- **Requirement**:
Restate the data word for word and leave the images out.

═══ Data shown ═══

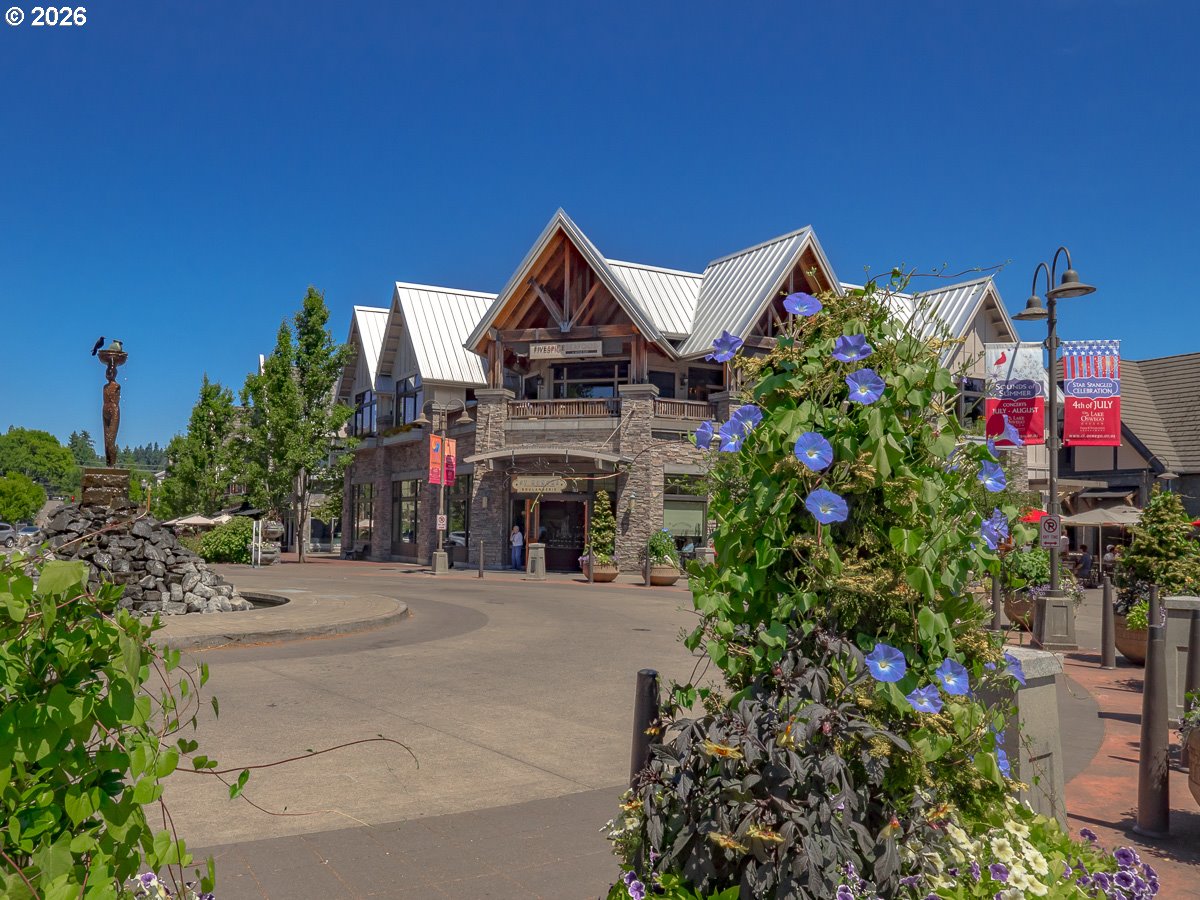330 6th Street Lake Oswego, OR 97034 - Photo 47 of 48 a front view of a house with a yard and fountain in middle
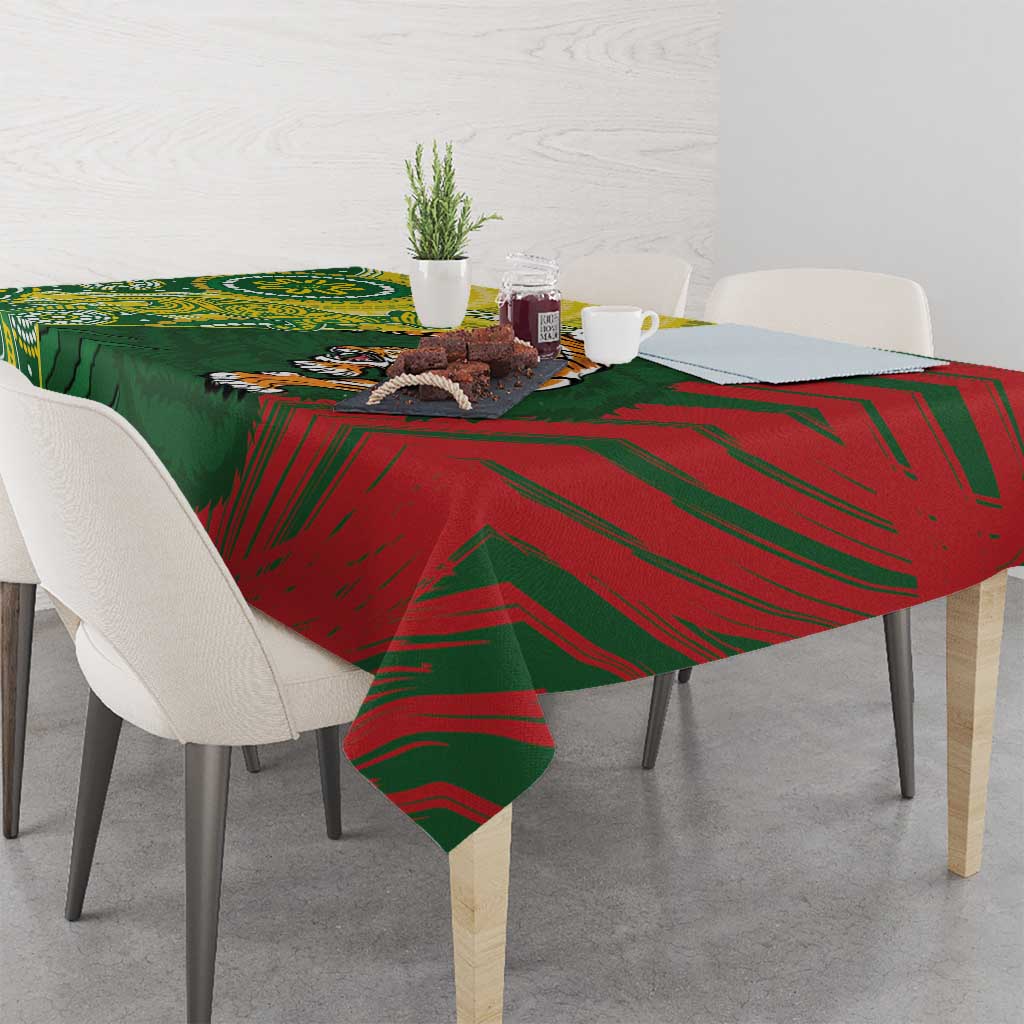 Green and red tablecloth with bold stripe pattern, draped over dining table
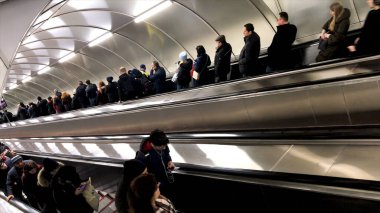 Metro istasyonuna girmek ya da çıkmak için yürüyen merdiveni kullanan insanların en üst görüntüsü. Stok görüntüleri. Yeraltı toplu taşıma konsepti, yoğun insanlar yoğun saatlerde.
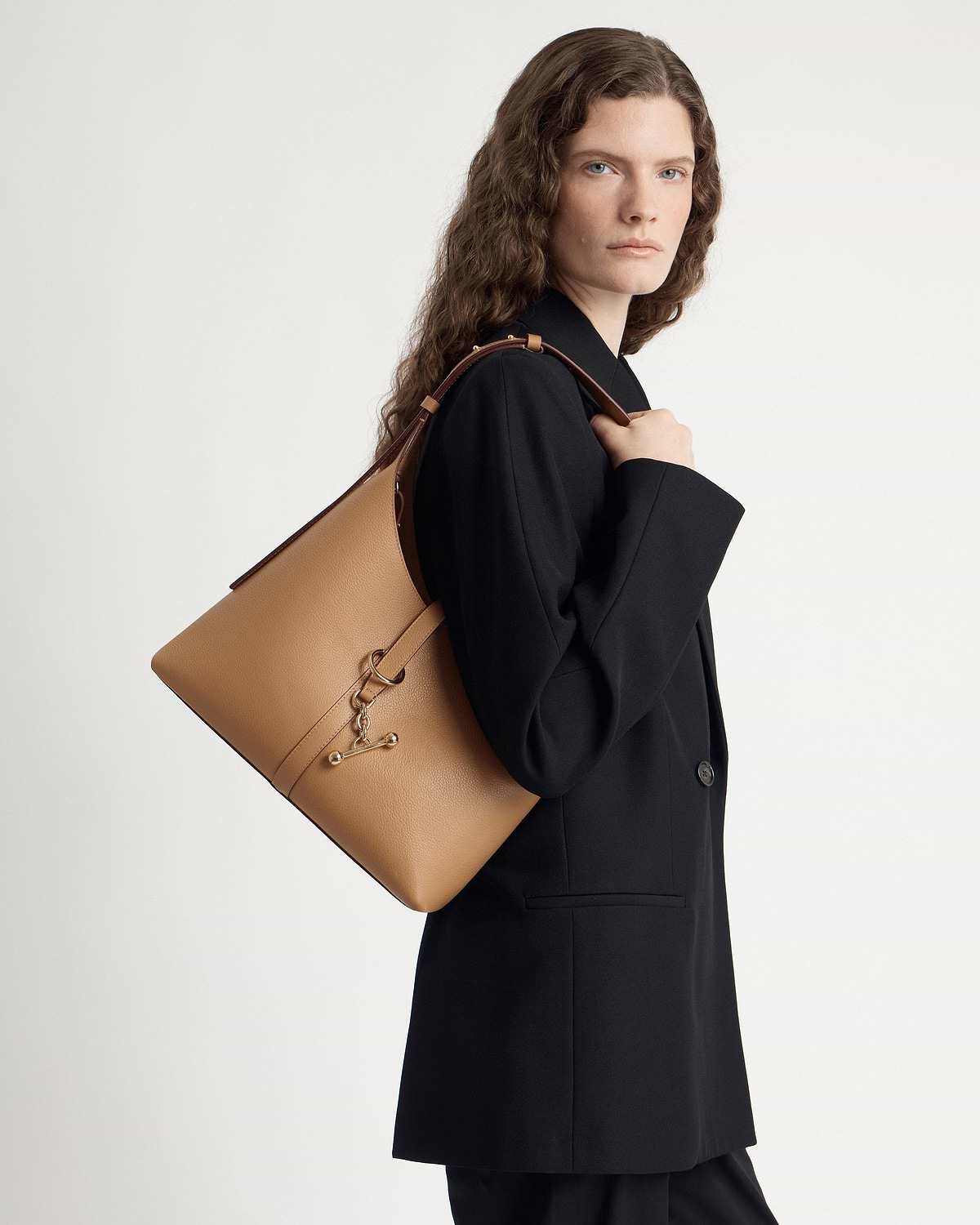 Woman in black blazer carrying caramel Kite Hobo shoulder bag over her shoulder.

═══

- **Output below**:
330 6th Street Lake Oswego, OR 97034 - Photo 47 of 48 a front view of a house with a yard and fountain in middle
 Green and red tablecloth with bold stripe pattern, draped over dining table
 Metro istasyonuna girmek ya da çıkmak için yürüyen merdiveni kullanan insanların en üst görüntüsü. Stok görüntüleri. Yeraltı toplu taşıma konsepti, yoğun insanlar yoğun saatlerde.
 Woman in black blazer carrying caramel Kite Hobo shoulder bag over her shoulder.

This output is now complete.